For many years, it has been a common practice for pharmaceutical companies to use individual physicians' prescribing profiles to tailor their marketing and sales strategies. For example, if a drug rep had access to data showing that a particular family doctor was prescribing more of a competitor's anti-hypertensive drug, he or she might make a point of dropping off a batch of samples to change that doctor's prescribing practices. As explained in a previous AFP Journal Club, this strategy is often very effective for the drug company, but ends up increasing patients' out-of-pocket expenses in the long run.

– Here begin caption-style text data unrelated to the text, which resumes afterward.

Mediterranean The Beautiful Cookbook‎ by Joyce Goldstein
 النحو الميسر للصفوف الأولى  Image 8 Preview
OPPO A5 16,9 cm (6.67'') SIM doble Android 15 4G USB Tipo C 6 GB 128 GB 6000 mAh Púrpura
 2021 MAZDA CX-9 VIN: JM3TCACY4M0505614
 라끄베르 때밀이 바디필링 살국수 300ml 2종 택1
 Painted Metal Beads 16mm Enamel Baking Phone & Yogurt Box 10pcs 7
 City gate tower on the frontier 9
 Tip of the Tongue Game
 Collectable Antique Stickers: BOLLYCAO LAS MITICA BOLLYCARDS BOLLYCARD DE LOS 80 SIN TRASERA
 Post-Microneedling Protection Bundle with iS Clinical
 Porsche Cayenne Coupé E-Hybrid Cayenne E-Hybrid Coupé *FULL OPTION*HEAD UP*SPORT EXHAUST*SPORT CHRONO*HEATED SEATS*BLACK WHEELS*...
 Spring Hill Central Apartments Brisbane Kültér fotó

Recently, state legislatures in Vermont, Maine, and New Hampshire have passed laws that restrict access to a physician's prescribing profile for marketing purposes. Drug companies and other groups argue that these laws violate the First Amendment, equating a doctor's prescribing data to constitutionally protected "free speech." A news article in yesterday's New York Times reported that the Supreme Court will hear arguments this week in a lawsuit brought against Vermont's confidentiality law by prescribing data collection companies and the industry group Pharmaceutical Research and Manufacturers of America.
In order to balance the sometimes deleterious effects of aggressive drug marketing, AFP provides numerous online resources to support our readers in decision-making about prescriptions. These resources include a systematic eight-step approach to prescribing and individual reviews of new drugs that utilize the STEPS (Safety, Tolerability, Efficacy, Price, and Simplicity) approach. Are there other ways that we could help you and your patients make informed drug choices?